The bank’s CEO David Wachira said the process was on and reflects the bank’s growth, transformation and commitment to deliver a unique retail experience to customers.
Mr Wachira spoke yesterday on the sidelines of a ceremony to unveil a new logo and brand proposition in Nairobi.
He said the rebranding will take about two years.
At the same time, the bank announced plans to open branches in Nakuru, Eldoret and Nyahururu. So far, the bank has 12 branches in the country.
"We are also looking into agency banking. We want a third party agent to increase our coverage where the bank has no presence. Already, we have identified more than 350 potential agents to be engaged immediately after CBK approval of the service," he said.
Agency Banking
Central Bank of Kenya (CBK) Governor Njuguna Ndung’u said the rules that will guide third party agents have been published and they anticipate a high uptake by banks to reach the unbanked.

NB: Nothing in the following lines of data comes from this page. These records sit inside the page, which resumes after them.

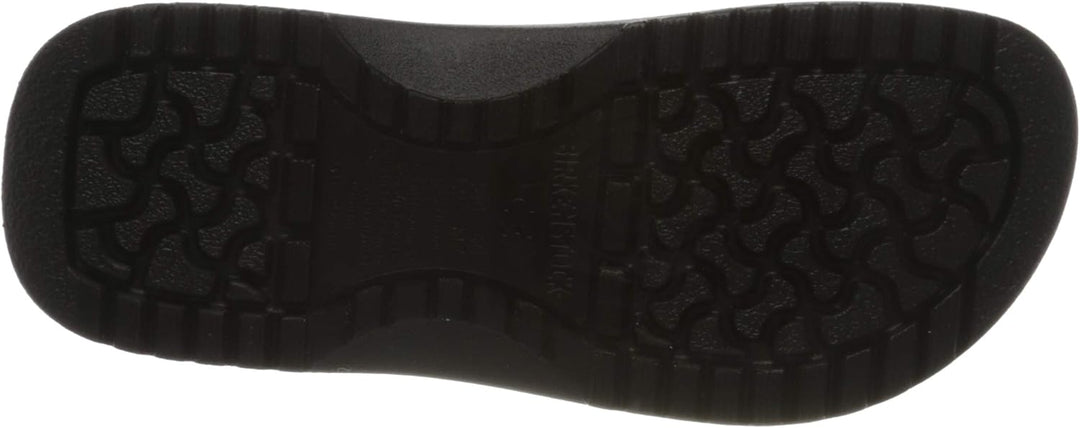 Birki Super Birki 0680, Unisex - Erwachsene Clogs & Pantoletten 38 EU Schwarz, 38 EU Schwarz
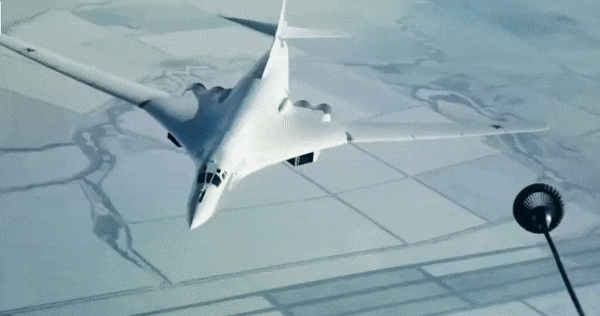 Một số nguồn Nga từng mô tả Tu-160M2 như một máy bay mới về mặt công nghệ, dù vẫn giữ lại khung máy bay cơ bản.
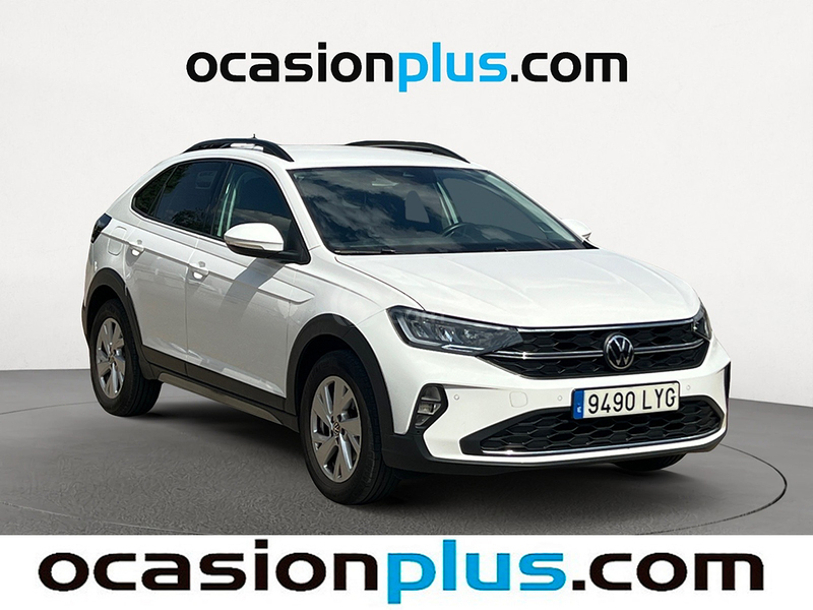 Foto del VOLKSWAGEN Taigo 1.0 TSI Life DSG 81kW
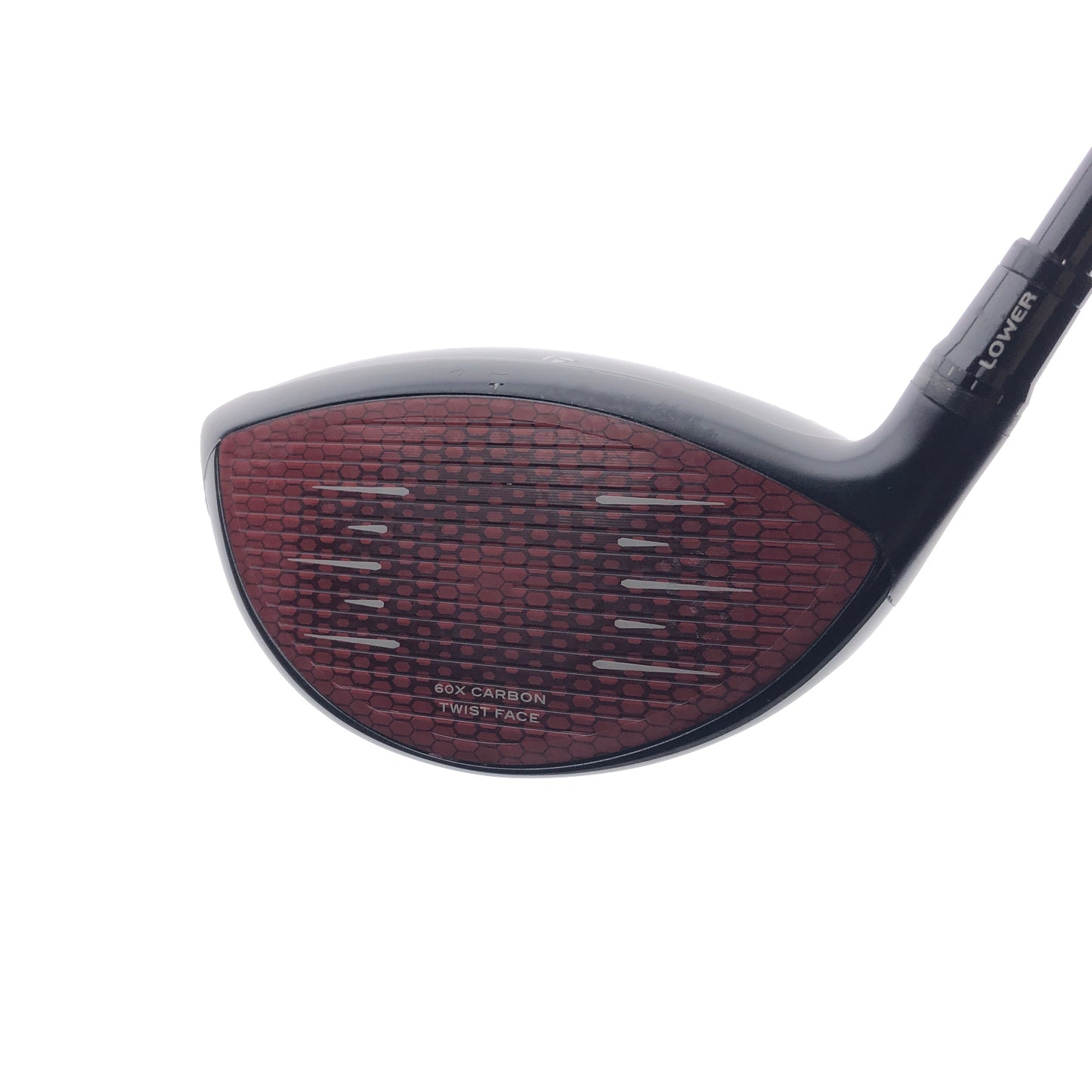 Used TOUR ISSUE TaylorMade Stealth 2 Driver / 9.0 Degrees / Stiff Flex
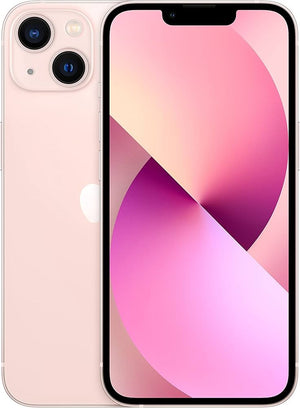 iPhone 13 128GB - Pink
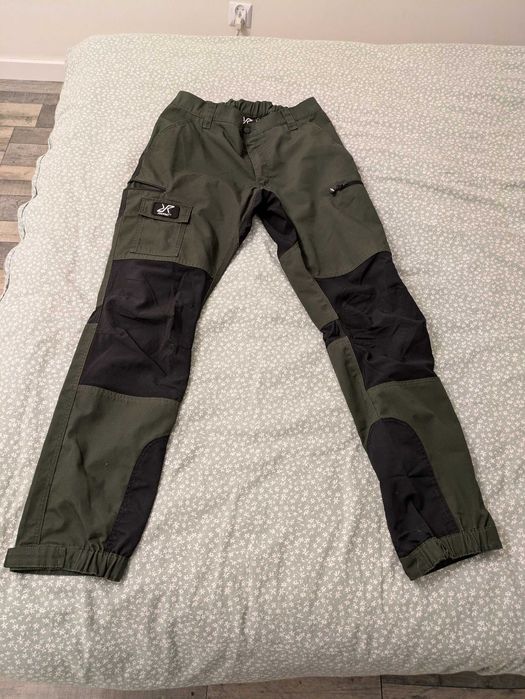 RevolutionRace Nordwand Pants - rozmiar L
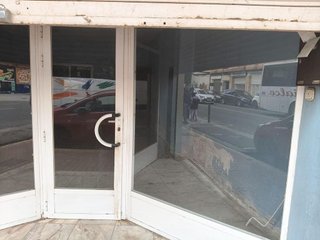 Local comercial en venta en Benetússer
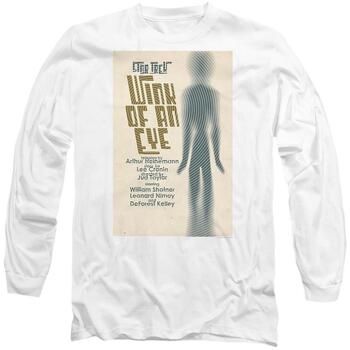 Star Trek Camiseta manga larga The Original Series Episode 66 para hombre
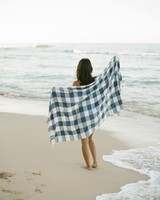 Montauk Towel or Sarong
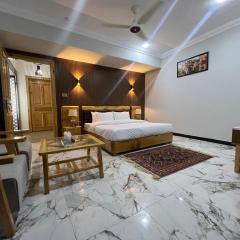 Nawab's Hotel Balakot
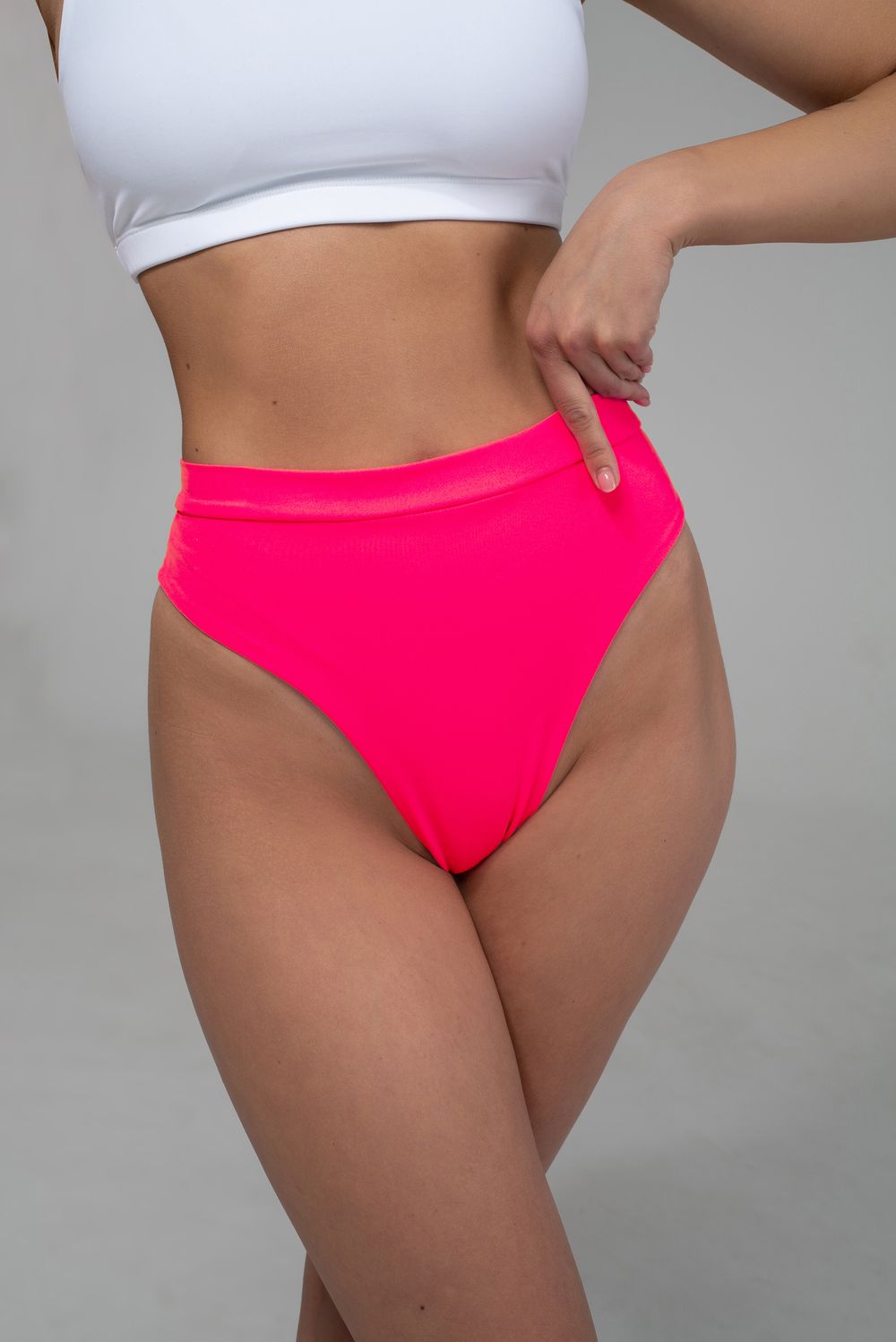 Шорты Richy Soft Salamander, Розовый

"The agency banking models was designed to assist commercial banks to lower their cost of offering services while at the same time improving their earnings. Besides, more Kenyans are offered an opportunity to access financial services," Prof Ndung’u explained.
The new logo and brand proposition resonates with the banks’ planned transformation in terms of technology, people, processes and channels outlined in the banks’ five year strategic plan.
However, the rebranding exercise is also expected to boost the banks’ rising profitability which increased by 37 per cent in the face of increased competition and slow economic growth.
Last year, Consolidated Bank recorded a pre-tax profit of Sh116 million against Sh84 million in the past year. Wachira said the bank will focus on customer satisfaction through a unique, flexible and innovative approach. Consolidated Bank is fully owned by the Government — 51 per cent is held by Treasury through the Deposit Protection Fund and 25 per cent is held by parastatals.